McCourt’s Problem: Fans Want New Dodger Owner
As Frank McCourt and Major League Baseball continue wrangling for ownership of the Dodgers, one fact stands out above all others.
McCourt has lost the trust of fans who are now expressing their feelings by staying away from Dodger Stadium.
Less fans means less revenue for a cash-starved owner and it’s hard to see how he can pull out of his current financial problems and operate the franchise successfully long-term.
On Tuesday McCourt and MLB baseball agreed to postpone an MLB financing plan until July 20 when the next chapter in the saga will unfold. McCourt is being permitted to borrow money to meet this week’s payroll.
But McCourt losing his battle to remain the Dodgers’ owner seems inevitable.
It’s hard to find anyone who thinks he’ll emerge as the Dodgers owner over the long haul.
I haven’t heard any McCourt sentiment in my conversations with fans at Dodger stadium, my most recent attempt coming last Sunday.

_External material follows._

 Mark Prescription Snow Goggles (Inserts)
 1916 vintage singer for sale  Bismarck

Other fans have expressed the feeling it’s time for a change in letters to the editor in the Los Angeles Times and in interviews with local television stations.

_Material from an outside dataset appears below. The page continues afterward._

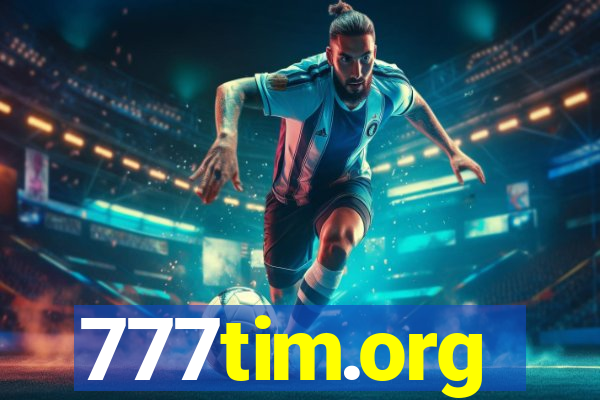 777tim.org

The sentiment is nearly unanimous that McCourt has violated the fans’ trust in one of sports’ most storied franchises with his lavish lifestyle.
“In pursuing his own financial interests at the expense of the club, overleveraging it and draining millions of dollars for capital investment and operations, Mr. McCourt has placed the Dodgers in their current, incredible position of not being able to make payroll less than halfway through the regular season, the MLB filing in bankruptcy court read.
The judge didn’t make a ruling Tuesday that would have caused McCourt to miss payroll and MLB to make it and then seize control of the franchise.
But McCourt still appears close to running out of options. He has agreed to pay a hefty 10 percent interest on this loan and a $4 million fee.
Consider the fact the Dodgers are currently in fourth place and have little chance of making the 2011 playoffs, so there won’t be revenue from the additional games.
Commissioner Bud Selig is determined to end McCourt’s seven year reign.
The mere fact the Dodgers filed for bankruptcy ruins whatever credibility McCourt had with fans.
I won’t get into specifics of conversations I’ve had at the stadium this season with treasured Dodger players of the past. But I’ll reveal the names of some who have crossed my path. Last weekend I talked to Eric Karros and Ron Cey, and suffice to say neither was thrilled with recent developments.
Steve Garvey has gone public with his intention to form a group that may bid for the club although I’ve been told there will be several competitors.
Whether you favor McCourt or not you’ll probably agree his financial problems represent a sad era in Los Angeles sports.
How close is he to losing the franchise? In baseball terms, he’s probably in the bottom of the ninth inning.